_EXERCISE BRIEF:_ Transcribe each entry in full, and leave the images out.

_INPUT MATERIAL:_
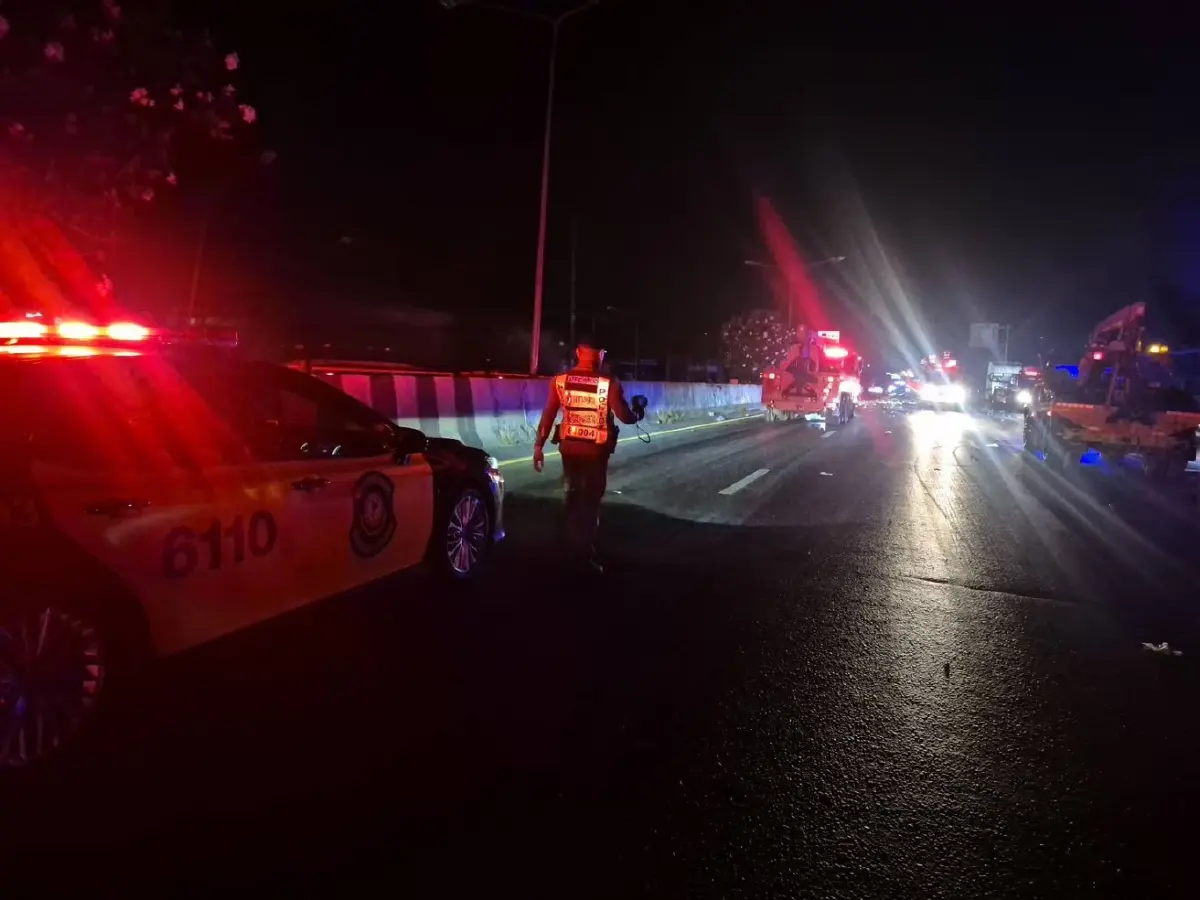 เทรลเลอร์ชนท้ายยับกลางดง ของหล่นเกลื่อนถนนมิตรภาพ รถติดหนึบ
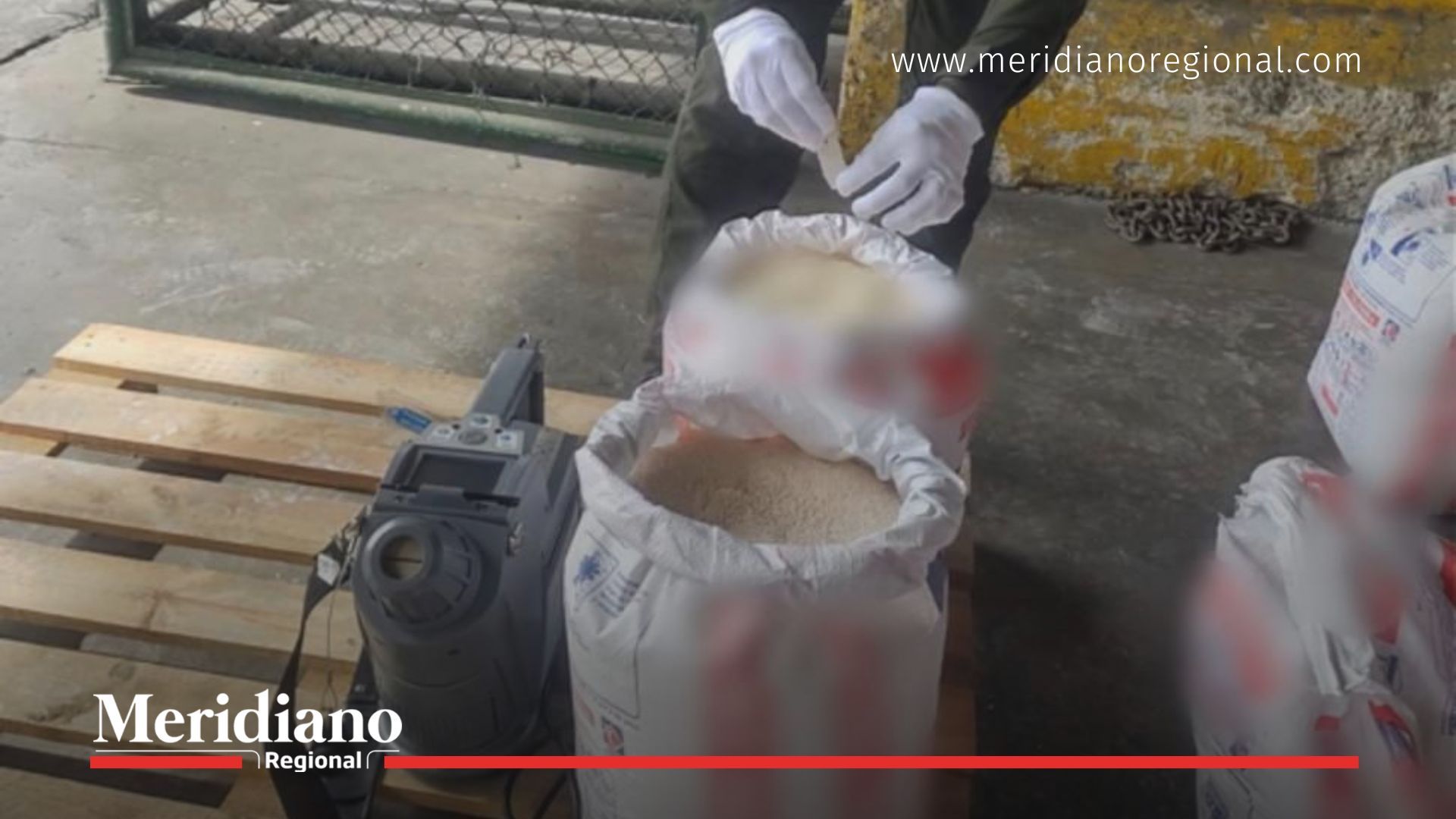 Policía Antinarcóticos revisa un saco con material sospechoso durante la operación de las 14 toneladas incautadas en Buenaventura.
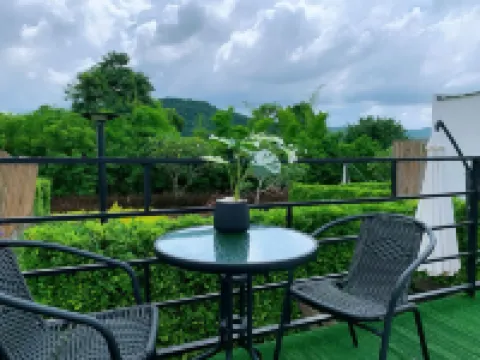 แกลมปิ้ง ฮิลล์ เขาใหญ่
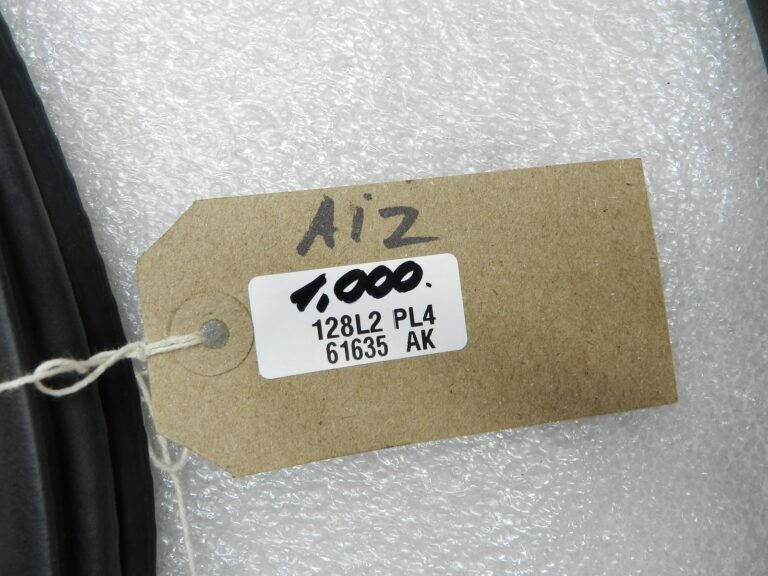 BMW G30 520D oriģinālā durvju blīvējuma gumija aizmugurē – labajā un kreisajā pusē 51727468732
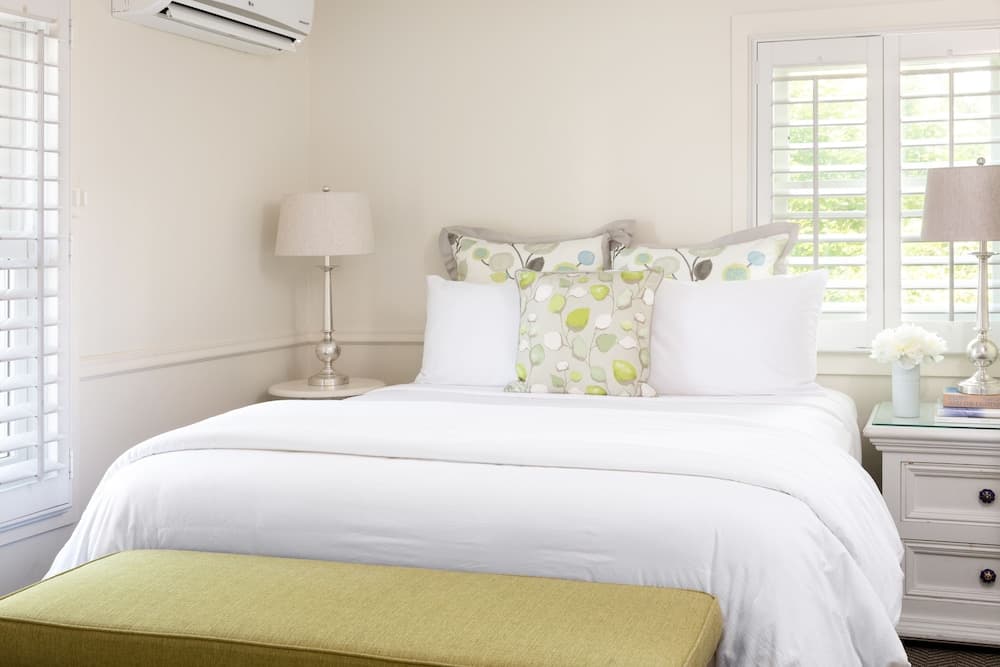 Vineyard Square Hotel & Suites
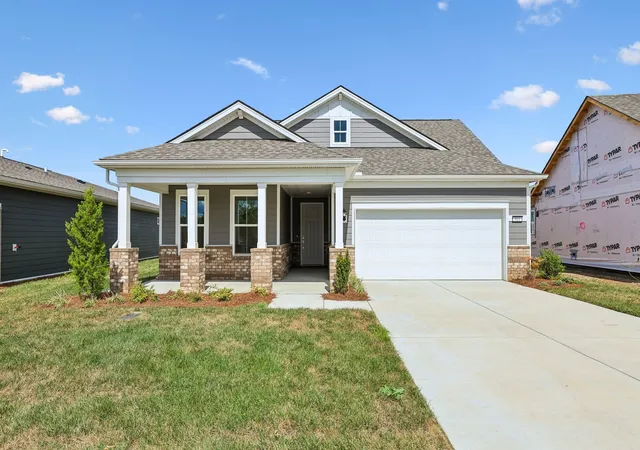 Photo 2 of Single family home for sale at 911 Bur Oak Rd, Lebanon, TN 37090 | MLS# 3594164 | Listing updated on 2026-10-04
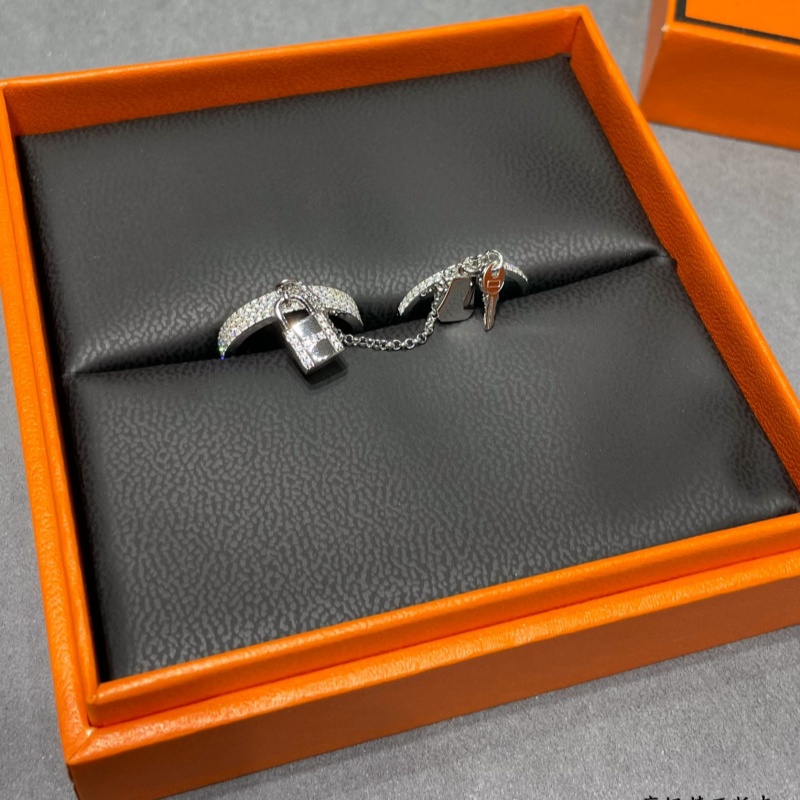rings women's Designer rings for woman luxurious ring jewelry high-quality H brand lock hairband clasp three-in-one wedding ring Band Rings Eng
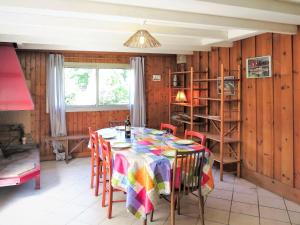 une salle à manger avec une table et un tissu de table coloré dans l'établissement Holiday Home Castagney by Interhome, à Gaillan-en-Médoc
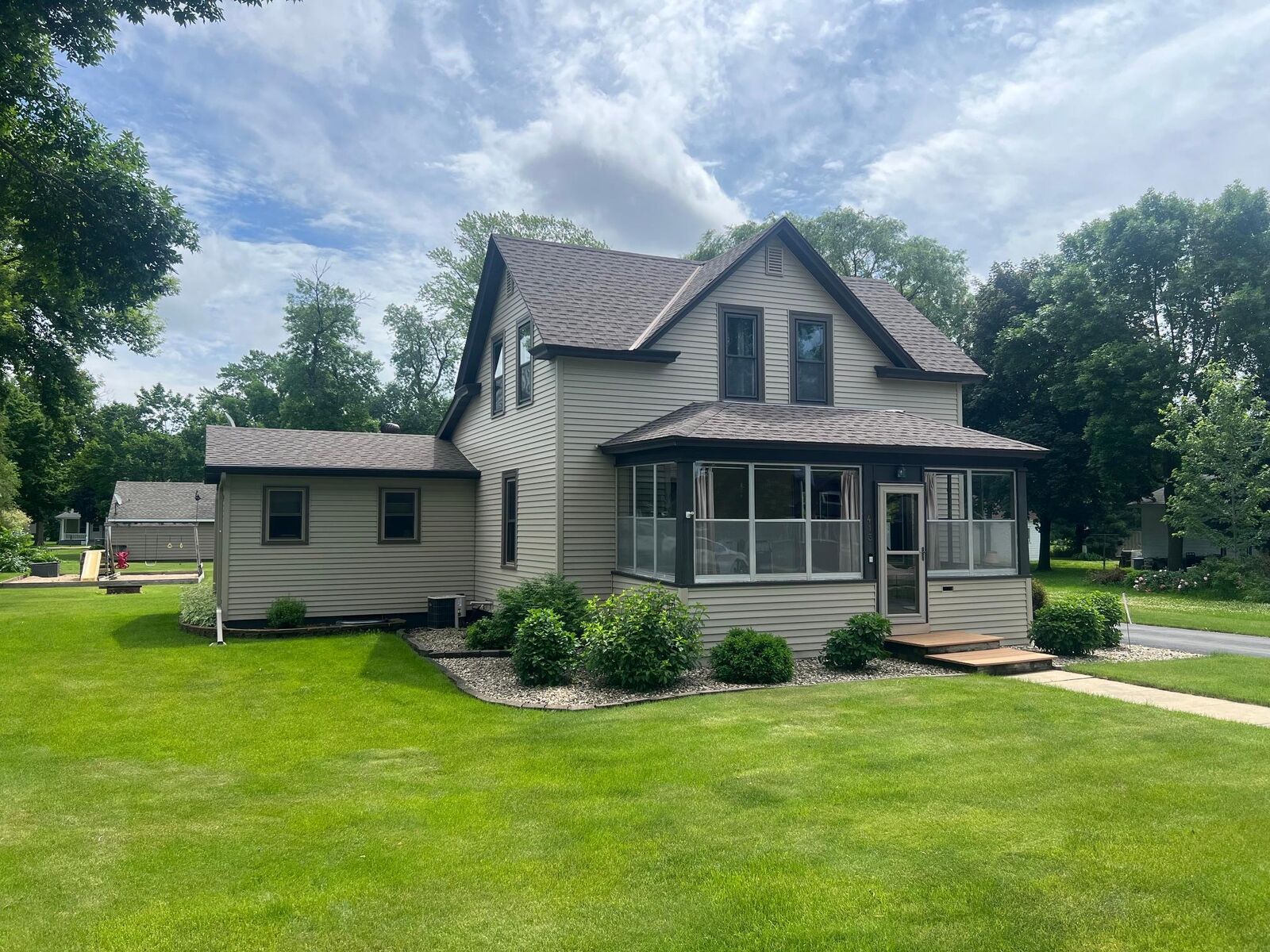 Property Photo:  413 S Swift Avenue  MN 55355 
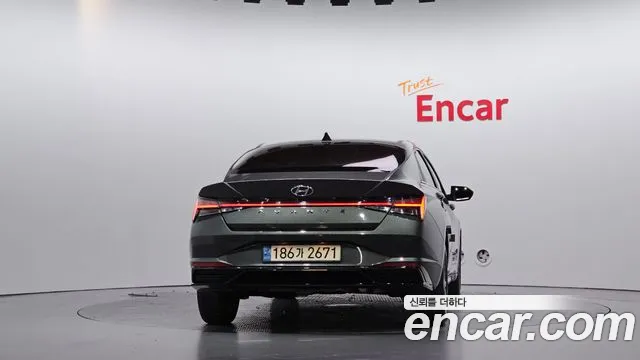 Hyundai Avante CN7 — Фото автомобиля 4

_ANSWER SECTION:_
 เทรลเลอร์ชนท้ายยับกลางดง ของหล่นเกลื่อนถนนมิตรภาพ รถติดหนึบ
 Policía Antinarcóticos revisa un saco con material sospechoso durante la operación de las 14 toneladas incautadas en Buenaventura.
 แกลมปิ้ง ฮิลล์ เขาใหญ่
 BMW G30 520D oriģinālā durvju blīvējuma gumija aizmugurē – labajā un kreisajā pusē 51727468732
 Vineyard Square Hotel & Suites
 Photo 2 of Single family home for sale at 911 Bur Oak Rd, Lebanon, TN 37090 | MLS# 3594164 | Listing updated on 2026-10-04
rings women's Designer rings for woman luxurious ring jewelry high-quality H brand lock hairband clasp three-in-one wedding ring Band Rings Eng
 une salle à manger avec une table et un tissu de table coloré dans l'établissement Holiday Home Castagney by Interhome, à Gaillan-en-Médoc
 Property Photo:  413 S Swift Avenue  MN 55355 
 Hyundai Avante CN7 — Фото автомобиля 4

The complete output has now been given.